Spanish Roma lawyer and trade unionist

Pastora Filigrana (born 26 May 1981) is a Spanish Roma lawyer, trade unionist, feminist, columnist, and human rights activist.

==Early life and education==
Pastora Filigrana García was born in the Triana neighborhood of Seville. At the age of nine, it was already said the child was going to be "the gypsy lawyer". Growing up "in a ghetto" gave her a lot of social sensitivity towards issues related to equality from a young age. She learned what the class consciousness of grandmothers is "with their example of life" and labor law in the Andalusian Workers' Union.

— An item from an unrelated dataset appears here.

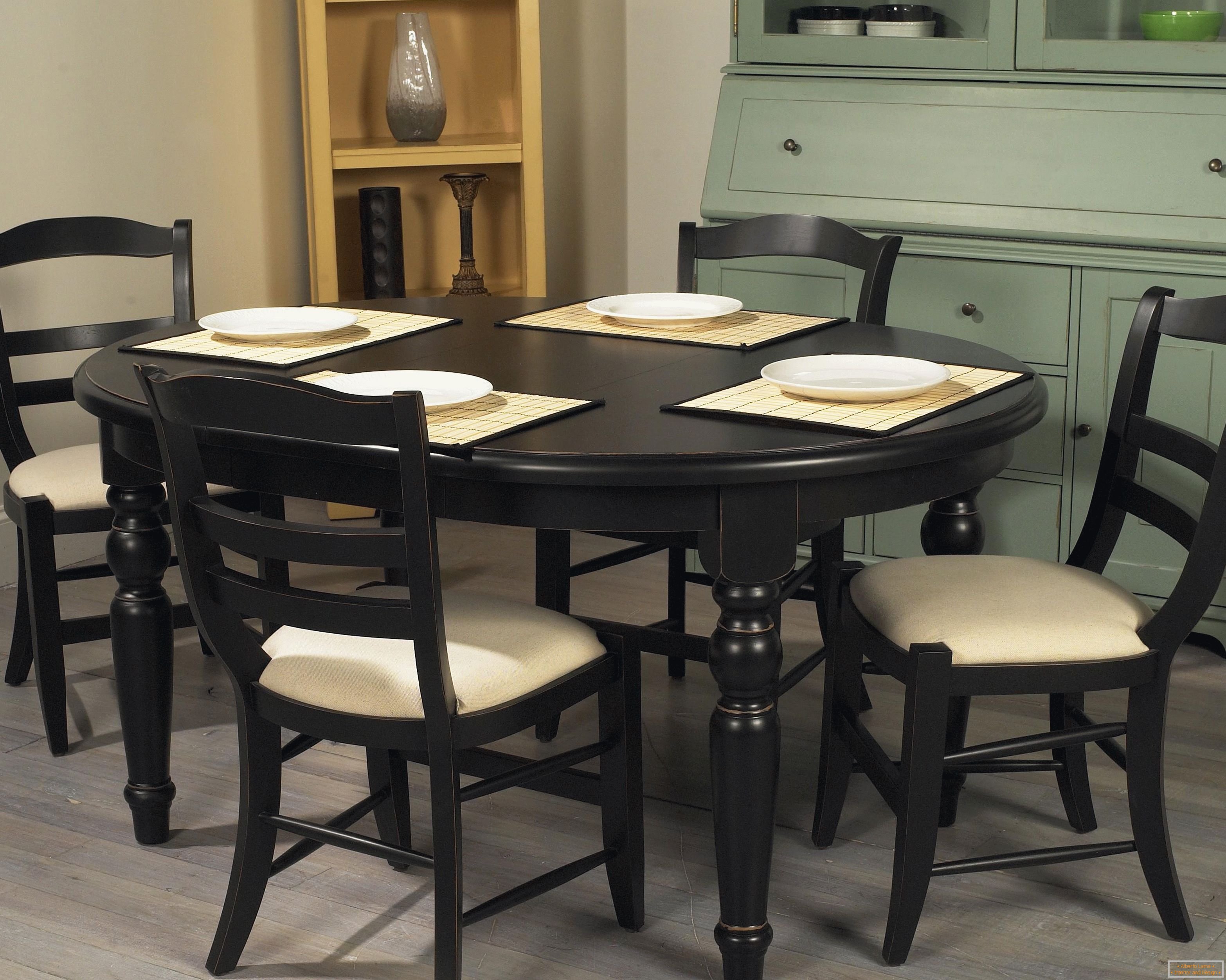 Dining table in the corner of the kitchen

After participating in the creation of the Asociación de Mujeres Gitanas Universitarias (Association of University Gypsy Women) (Amuradi), she graduated in law at the age of 23 from the University of Seville.

==Career==
Filigrana's career began as a legal adviser for the Villela Or Gao Caló, a Roma association in the Seville neighborhood of Las 3000 Viviendas, also working with the migrant population. Later, she completed a Master's in Human Rights, Interculturality, and Development taught by the Pablo de Olavide University.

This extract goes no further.